简体   繁体   English

为什么在SELECT查询中包含XML列会对查询性能产生如此根本的负面影响?

[英]Why does the inclusion of an XML column in a SELECT query have such a radically negative effect on query performance?

I've been struggling with a query performance issue for a few weeks now. 几周来,我一直在努力解决查询性能问题。 At this point I've squeezed absolutely everything out of the query in terms of JOIN types, Indexing, Keeping Statistics up to date, etc... etc... but then I stumbled on something by accident. 在这一点上,我已经从JOIN类型,索引,保持统计信息最新等等方面完全挤出了查询中的所有内容,但是后来我偶然发现了一些东西。

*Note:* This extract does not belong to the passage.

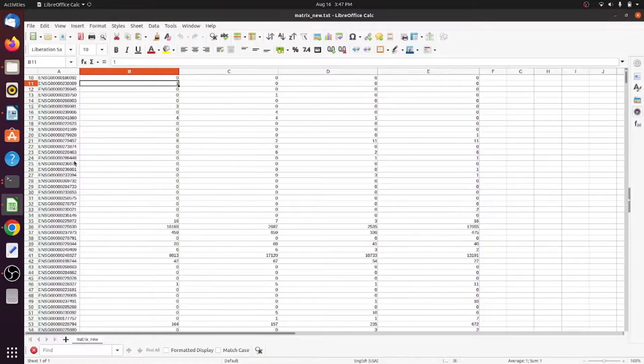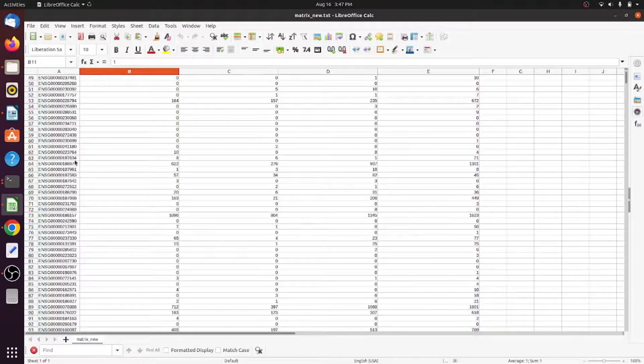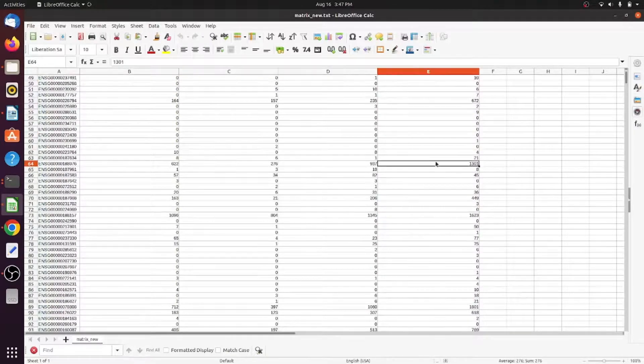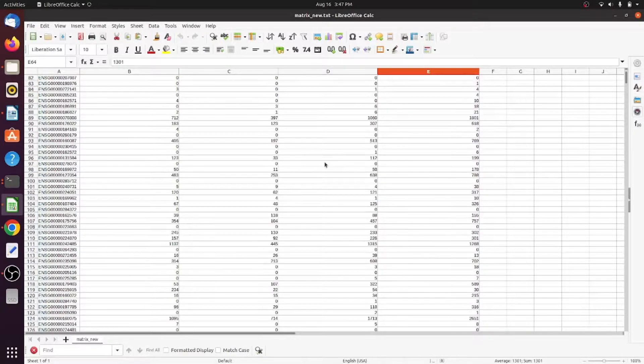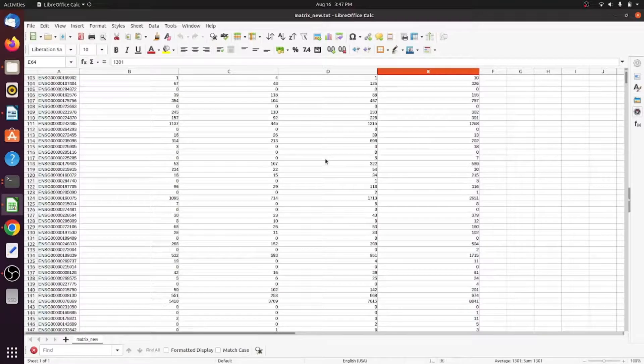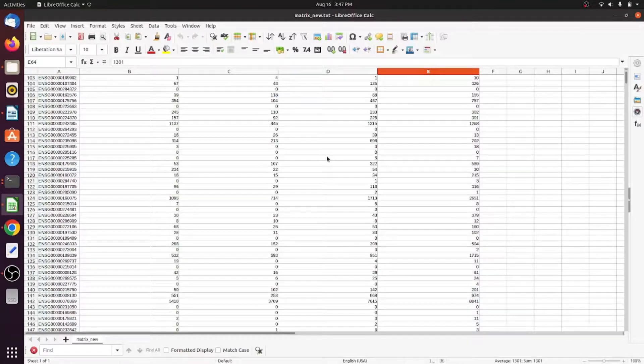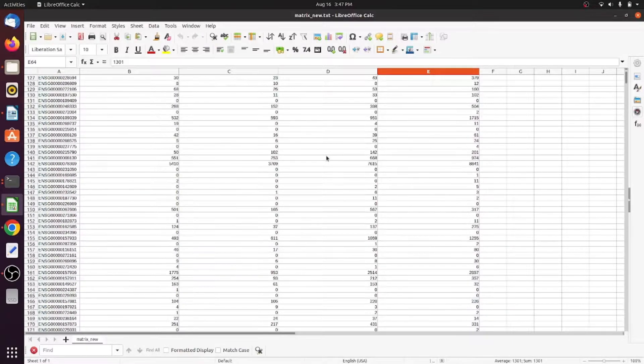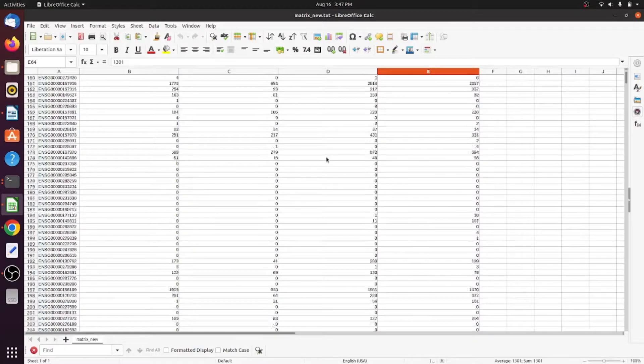This is the sample name, these are the gene IDs, and these are the feature count values. Now you can use this as a DESeq input. I have made a video for DESeq analysis on my channel - you can watch that as well.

A little background. 一点背景。

The table in question represents a Record 有问题的表代表一条Record

Id INT PK
Name NVARCHAR(50)
Status INT FK 
Created DATETIME
Version NVARCHAR(10)
Data XML

After some performance benchmarking, I realised that the inclusion of the final column in the select far outweighs things like indexing, join complexity & network considerations by somewhere between a factor 10x & 20x. 经过一些性能基准测试后,我意识到选择中的最后一列要比索引,连接复杂性和网络注意事项高出10倍至20倍。

The following comparisons were done between SSMS on local dev machine connecting to SQL Azure. 在连接到SQL Azure的本地开发机上的SSMS之间进行了以下比较。

SELECT Id FROM Records -- ~10 secs for 300,000 rows
SELECT Id, Name, Status, Created, Version FROM Records -- ~20 sec for 300,000 rows
SELECT * FROM Records -- ~350 sec for 300,000 rows

To be clear, I'm not doing anything crazy with the xml column (XML DML or XPath queries). 需要明确的是,我对xml列(XML DML或XPath查询)没有做任何疯狂的事情。 Just simply including/excluding it from the select. 只是简单地从选择中包括/排除它即可。

At this point, I think I've solved my problem by creating a RecordLight Entity, NHibernate Map & MVC Controller stack, purely for the purposes of searching & listing in our App. 在这一点上,我认为我已经通过创建RecordLight实体,NHibernate Map和MVC Controller堆栈解决了我的问题,纯粹是为了在我们的App中搜索和列出。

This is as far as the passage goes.